- Developer: Kabam
- Publisher: Disney Interactive Studios
- Director: Daniel Erickson
- Producer: Greg Hill
- Platforms: iOS, Android
- Release: September 10, 2015
- Genre: Action role-playing
- Modes: Single-player, multiplayer

= Star Wars: Uprising =

2015 video game

Star Wars: Uprising was an action role-playing game by Kabam and published by Disney Interactive Studios for iOS and Android. It was released on September 10, 2015. On September 22, 2016, it was announced that all servers would be shutting down on November 17, 2016.

==Plot==
Set shortly after the events of Return of the Jedi, Imperial Governor Adelhard of the Anoat Sector refuses to release his grip, instead locking down the sector to prevent all incoming and outgoing space traffic to keep everyone within and allow him to maintain an iron rule. He refuses to accept the death of Darth Vader and Palpatine as the fall of the Empire, keeping Palpatine's death under wraps. As the Rebel Alliance only has a small presence in the sector, smugglers, assassins, crime lords, nobles and crime cartels form their own rebellion against Adelhard.

==Characters==

| Name | Portrayal | Description |
|---|---|---|
| Dapp | Voice: Steven Blum (Uprising) | "Happy" Dapp is a man that an unnamed smuggler and their sister Riley worked for during the Galactic Empire's Iron Blockade. |
| Riley | Voice: Catherine Taber (Uprising) | Riley is the sister of an unnamed smuggler.
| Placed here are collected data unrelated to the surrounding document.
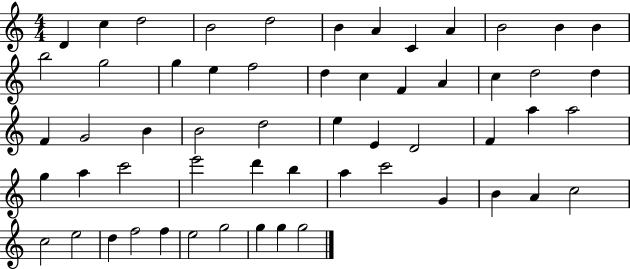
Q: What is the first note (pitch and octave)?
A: D4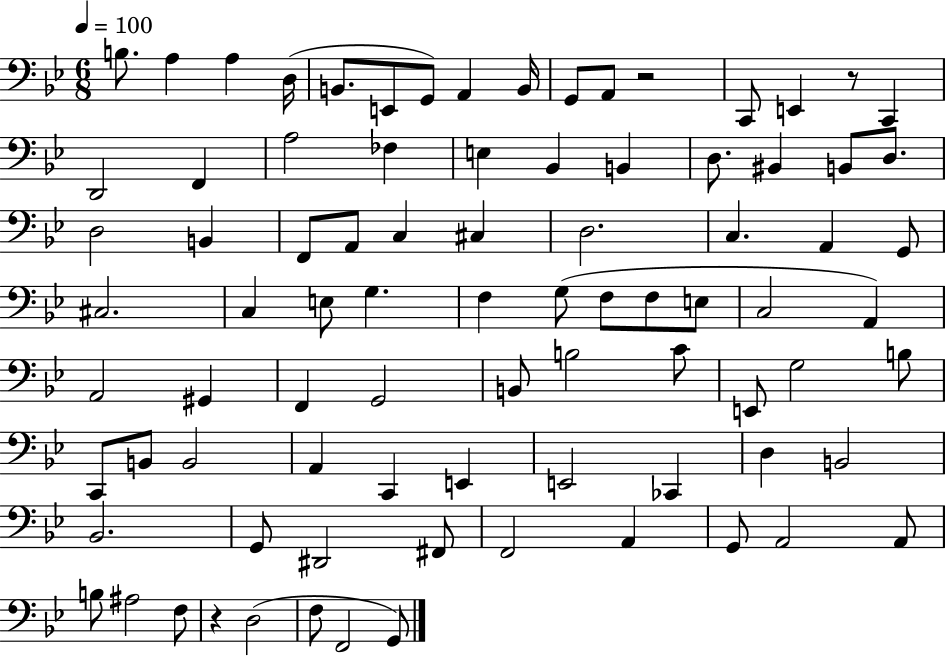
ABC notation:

X:1
T:Untitled
M:6/8
L:1/4
K:Bb
B,/2 A, A, D,/4 B,,/2 E,,/2 G,,/2 A,, B,,/4 G,,/2 A,,/2 z2 C,,/2 E,, z/2 C,, D,,2 F,, A,2 _F, E, _B,, B,, D,/2 ^B,, B,,/2 D,/2 D,2 B,, F,,/2 A,,/2 C, ^C, D,2 C, A,, G,,/2 ^C,2 C, E,/2 G, F, G,/2 F,/2 F,/2 E,/2 C,2 A,, A,,2 ^G,, F,, G,,2 B,,/2 B,2 C/2 E,,/2 G,2 B,/2 C,,/2 B,,/2 B,,2 A,, C,, E,, E,,2 _C,, D, B,,2 _B,,2 G,,/2 ^D,,2 ^F,,/2 F,,2 A,, G,,/2 A,,2 A,,/2 B,/2 ^A,2 F,/2 z D,2 F,/2 F,,2 G,,/2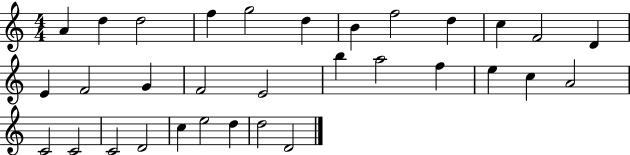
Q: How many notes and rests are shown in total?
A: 32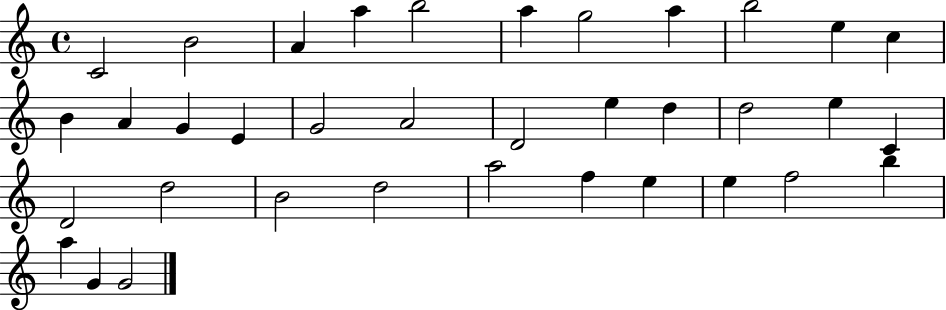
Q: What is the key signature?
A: C major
They both worked for "Happy" Dapp during the Galactic Empire's Iron Blockade. |

==Gameplay==
Players were able to create avatars and were able to purchase skills and upgrades. They could amass a crew to assist them in battles. The game could be played by up to four players. Playable classes included the Smuggler, Bounty Hunter, Rebel Guerilla, Diplomat, Gambler.

==Reception==
It has a score of 65% on Metacritic. Pocket Gamer awarded it 6 out of 10, saying "There's nothing really wrong with it, but if you were hoping for a Star Wars mobile game with a little more bite than the usual card battlers and tower defence titles, you're going to come away disappointed." IGN awarded it a score of 5.5 out of 10, saying "Star Wars: Uprising boils down to the pursuit of upgradeable stuff administered through simple action and scant story."